Ashers Bakery is challenging the ruling over its decision not to make a cake iced with the slogan "Support Gay Marriage" for activist Gareth Lee.
However, Mr Lee's barrister said he had 'no abusive intent' placing the order.
Ashers general manager Daniel McArthur and his wife Amy attended the hearing in Belfast, where the bakery was represented by barrister David Scoffield QC.
"This is a case of forced or compelled speech, unlike other cases which have come before the court," Mr Scoffield told the Supreme Court.
"Mr and Mrs McArthur have been penalised by the state, in the form of the judgment at the county court, for failing through their family company to create and provide a product bearing an explicit slogan 'Support Gay Marriage' to which they have a genuine objection in conscience.
"They would equally have refused to provide that cake with the slogan to a heterosexual customer.
"Their difficulty was the content of the cake, not the characteristic of the customer."
Mr Scoffield added that the McArthur family were being forced to use their skills, trade and experience for a purpose inconsistent with their beliefs and claimed they must "choose between operating their businesses or living and acting in accordance with their religious beliefs, and we say that cannot be the law".
It is only the second time the Supreme Court, established in 2009, has sat away from its permanent home in London. Last June the court held four days of hearings in Edinburgh.
The court's judgement on whether the owners of Ashers Bakery were guilty of unlawful discrimination is expected to be handed down later in the year, or possibly in early 2019.
'Gay cake' back in court
By BBC News NI's Mark Simpson, inside the Supreme Court
What started as a dispute in a Belfast bakery has ended up in the highest court in the land.
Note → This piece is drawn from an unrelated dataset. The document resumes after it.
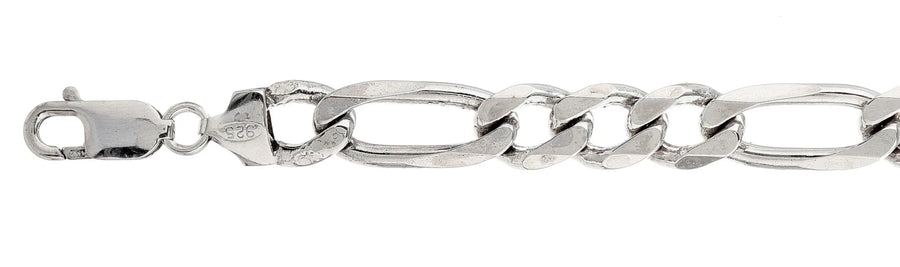 925 Sterling Silver Figaro Chain Necklace – 13mm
The protagonists were separated by only three seats in court.
It is almost four years to the day since gay activist Gareth Lee walked into Ashers bakery in Belfast city centre and tried to order his cake.
On Tuesday, Mr Lee sat only a short distance away from Daniel McArthur, the general manager of Ashers.
While they may have been close in court, there is a legal gulf between them.
The five Supreme Court justices who have to decide which side they are on will not rush to judgement.
It could be February 2019 before they make up their minds.
Tuesday marks the latest legal chapter in the long-running case that began in May 2014 when the order was placed at an Ashers shop in Belfast by Gareth Lee, a gay rights activist.
Ashers refused to bake the cake but was later found to have discriminated against Mr Lee.
His barrister, Robin Allen QC, said he "knew nothing at all" about Mr and Mrs McArthur's religious beliefs when he placed the order.
Mr Allen listed a range of images which Ashers had advertised on a flier that it would ice on cakes, including a witch for Halloween, a photograph of a person or "a picture of Larne Ladies Football Club".
"They say on the reverse of the flier 'We scan images - bring a favourite photo and we will scan it using edible ink, for all cakes we need three days notice," Mr Allen told the court.
"That was what Mr Lee understood was the offer they were making to the world at large when he went in with his logo of Bert and Ernie and 'Support Gay Marriage'.
"There was an attempt to argue that his request was outside the normal offer that they made to the public at large and that was rejected at first instance and on appeal by the Court of Appeal."
When Mr Lee first took action against Ashers he said the bakery's actions left him feeling like a lesser person.
Arriving outside the court on Tuesday, Ashers general manager Daniel McArthur said the case had "always been about the message".
"We didn't say no because of the customer; we'd served him before, we'd serve him again. It was because of the message.
"But some people want the law to make us support something with which we disagree."
The case against has so far cost the Equality Commission of Northern Ireland £150,000.
The move to take the case to the Supreme Court came after Appeal court judges said that, under law, the bakers were not allowed to provide a service only to people who agreed with their religious beliefs.